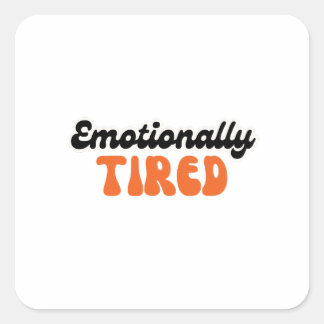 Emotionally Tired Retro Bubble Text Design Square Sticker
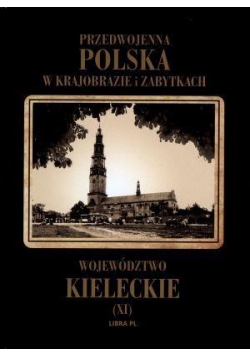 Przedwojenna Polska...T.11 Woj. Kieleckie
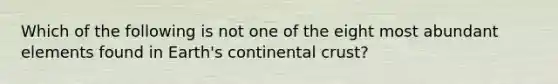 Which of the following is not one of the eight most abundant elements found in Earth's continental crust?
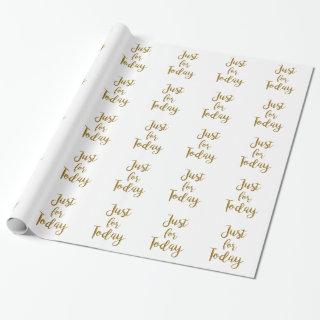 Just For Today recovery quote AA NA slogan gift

Task instructions: Give back the whole listing exactly as it stands. Drop every picture.

Exercise solution:
 Emotionally Tired Retro Bubble Text Design Square Sticker
 Przedwojenna Polska...T.11 Woj. Kieleckie
 Which of the following is not one of the eight most abundant elements found in Earth's continental crust?
 Just For Today recovery quote AA NA slogan gift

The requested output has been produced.